Il motore della YB4 era un propulsore di serie di un’altra azienda infatti si trattava del quattro cilindri della Yamaha FZ 750, accuratamente modificato dai tecnici della Bimota di Rimini, con un sistema di iniezione Weber-Marelli a sostituzione dell’alimentazione a carburatori del motore Yamaha. Il lavoro svolto portò un incremento di 9 cavalli alla ruota, raggiungendo i 121 CV. Nel 1987 la Bimota YB4 esordì nel Campionato del mondo di Formula TT, con in sella il mitico Virginio Ferrari, che ottenne un’insperata vittoria finale davanti al pluricampione Joey Dunlop. La YB4 costava ben 30 milioni di lire, il triplo rispetto alla Yamaha FZ, ma grazie ai successi nelle competizioni vennero prodotti più di 300 esemplari.

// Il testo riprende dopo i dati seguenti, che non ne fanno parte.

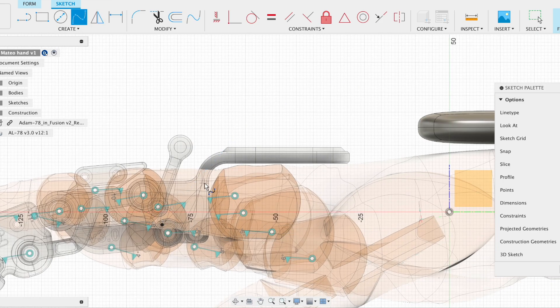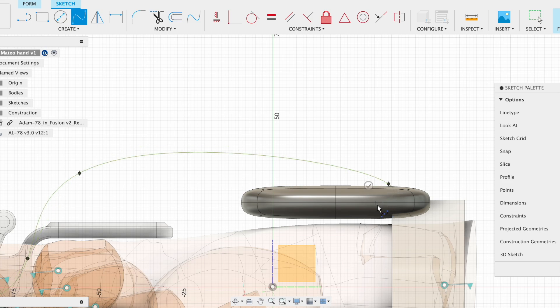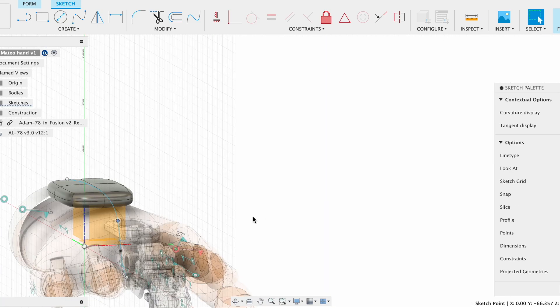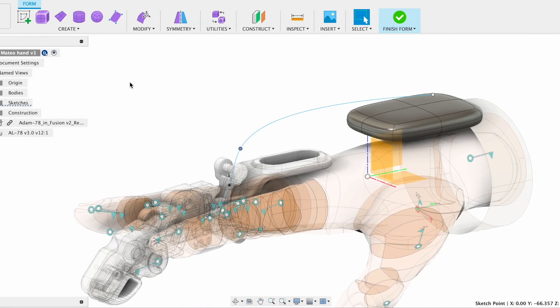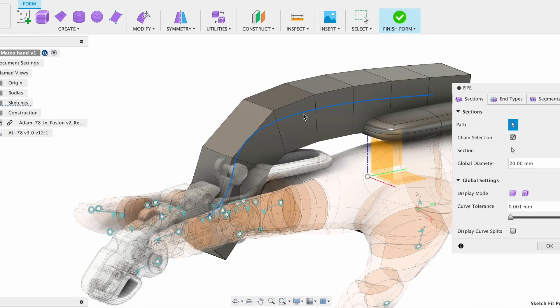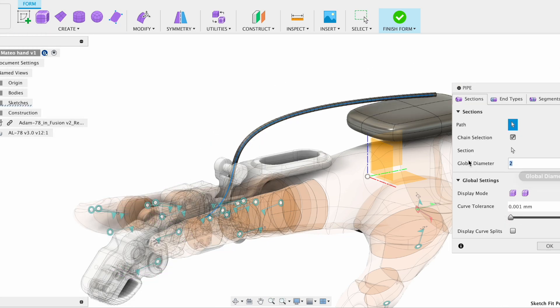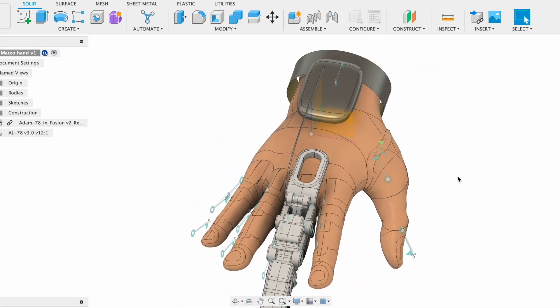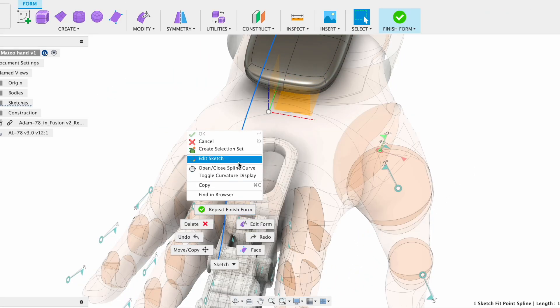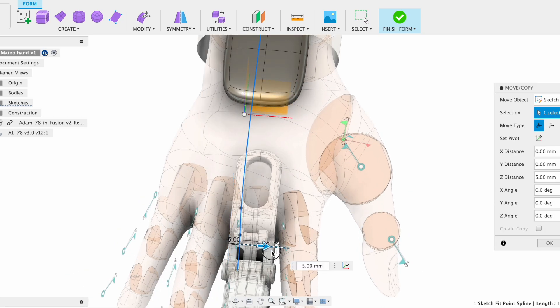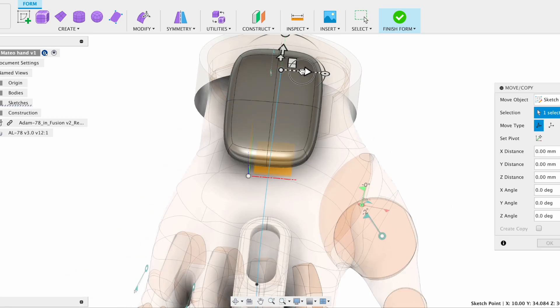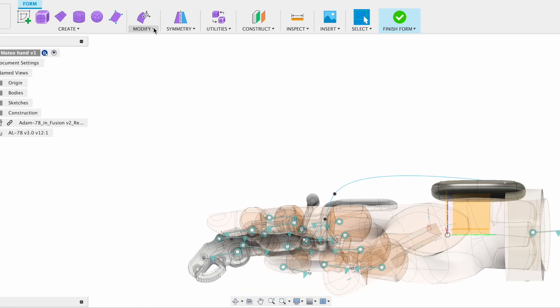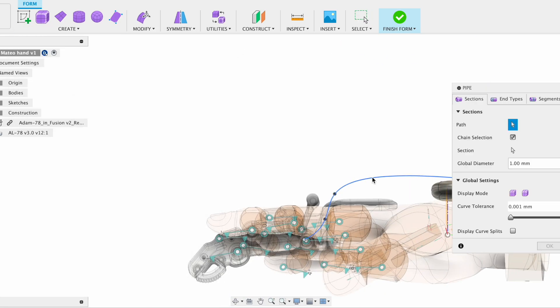And right now since we don't have any string representing how it's going to move, we use the pipe function from Fusion 360's form function so that when everything is assembled in the future, the string on the top part will be connected to the end of the linkage so that the movement of the wrist will actuate the movement of the whole finger.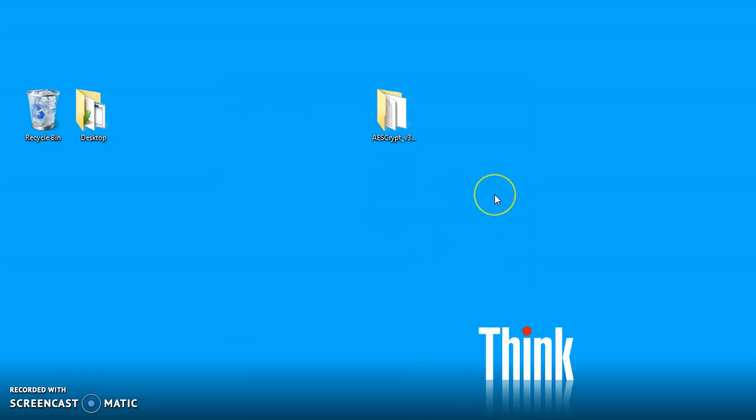And that's how simple it is for us to install AESCrypt. Thank you very much.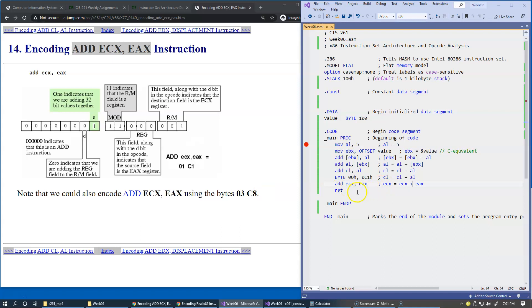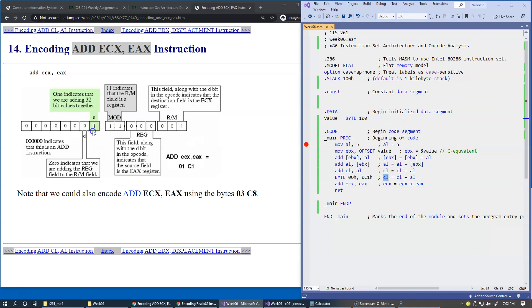If you compare it with the previous example, you see that the encoding of this instruction is 01C1, and the only difference between the 8-bit version is the size bit. The size bit has changed to one.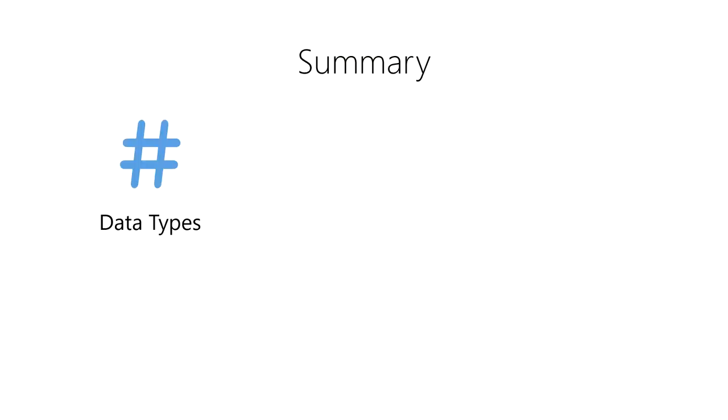In this module, we learned about data types and how we represent and store data in a computer. First, we learned about data types, binary representations of data used by computer systems.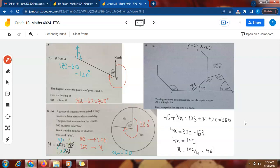Assalamualaikum students, Mathematics 4024, welcome to Maths Guru. In this video, inshallah, we will be looking at some questions from the EOY Paper 1. I have already solved these questions, so we will be discussing the solutions and revising the concepts. I have already shared the Paper 1 and Paper 2 questions of the EOY examination for your practice on the channel.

Malanca OB One 125 Racing (1984-1986)

Nel 1982 nasce la prima versione della OB One, dedicata ad Otello Buscherini, pilota forlivense che ha portato numerosi successi in casa Malanca; ma la svolta arriva due anni più tardi con la OB One Racing. Un telaio tubolare in acciaio e una carena integrale davano forma alla 125 stradale più potente e veloce dell’epoca, con 25 cavalli di potenza e una velocità massima di 150km/h.
MBA VR 125 (1980-1983)

Tra gli anni ’70 e ’80, la Morbidelli dominava le competizioni della classe 125, vincendo ben otto titoli mondiali. Per via della grande richiesta, da parte dei privati, di queste moto trionfanti, nacque la MBA (Morbidelli-Benelli Armi). Una delle repliche più celebri fu la MBA VR 125, bicilindrico due tempi da 43 cavalli, dotato di due carburatori Mikuni da 29mm. Quando, nel 1987, il regolamento del motomondiale vietò le bicilindriche nella classe 125, arrivò la fine per la MBA, che non aveva risorse sufficienti per costruire un monocilindrico competitivo.